US Retail Forex Firm's Assets Frozen; 3,800 Clients Cold By Dan Molinski
OF DOW JONES NEWSWIRES
NEW YORK (Dow Jones)--A retail foreign exchange trading company has had its
assets frozen after failing to meet minimum net capital requirements, and its
3,800 day-trader customers might have trouble getting their money back.
The action by a U.S. District Court judge comes came after it was discovered
that
Forefront Investments Corporation, which also goes by the name
CFG Trader,
had liabilities of $8 million but assets of just $6.8 million. Rules require
such firms to maintain assets of $1 million more than their liabilities.
The Commodity Futures Trading Commission, a government watchdog, said Tuesday
it filed an official complaint against the Richmond, Va.-based company, charging
it with "undercapitalization by more than $2.2 million and record-keeping
violations."
The complaint seeks a "permanent injunction against the defendant, monetary
penalties and other relief," said the CFTC, which monitors futures trading and
retail forex markets and market participants.
The U.S. District Court judge who froze Forefront's assets March 21 also
prohibited it from destroying documents or denying CFTC staff access to books
and records, the CFTC said in a statement.
Paul Hayeck, associate director of enforcement at the CFTC, said about 3,800
retail forex customers have accounts with Forefront. The CFTC is hoping that by
freezing Forefront's assets, customers' investments may be protected, he said.
Working alongside the CFTC on the case is the National Futures Association, a
self-regulatory agency that also serves as a watchdog for U.S. futures trading.

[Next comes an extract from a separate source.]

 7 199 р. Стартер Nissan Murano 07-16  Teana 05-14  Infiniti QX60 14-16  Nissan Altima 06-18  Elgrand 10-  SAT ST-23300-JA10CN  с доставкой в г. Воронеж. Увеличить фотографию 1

Larry Dyekman, the NFA's director of communications and Education, said that
during the past month it repeatedly sought to reconcile the problems with
Forefront, but without success.
A document from the NFA posted on Forefront's Web site details those efforts,
which began with an audit on March 5.
According to the eight-page document, Forefront's accounting consultant,
Richard Lani, said at one point that it would be "a fair statement to say that
the firm does not know (its) financial status."
Dyekman said the case highlights the dangers lurking for individual investors
who decide to participate in retail foreign exchange trading.
"It's a perfect example of what we've been telling people ... their funds (in
spot retail forex trading) are not protected," Dyekman said.
It wasn't clear how much of Forefront's $8 million in liabilities were owed
directly to customers.
No one was immediately available for comment at Forefront, which began
operations in 2003. But a notice on the company's Web site Thursday said: "In
the next 24 hours,
CFG Trader (Forefront's retail name) will be making an
announcement regarding the status" of clients' accounts.
The number of retail foreign exchange firms has exploded to about 37 firms
from three five years ago, the NFA's Dyekman said. The NFA is considering
bumping up the minimal capital requirements to provide more protection to
customers, but Dykeman urged investors to do their homework on forex trading
companies before placing any investments.
The NFA official said he could recall other instances of retail firms not
meeting net capital requirements for a few days - the NFA performs weekly checks
- but he said: "This is the first major case of a company being seriously
undercapitalized" over an extended period of time.
The NFA had ordered Forefront to liquidate all its open positions by March 21.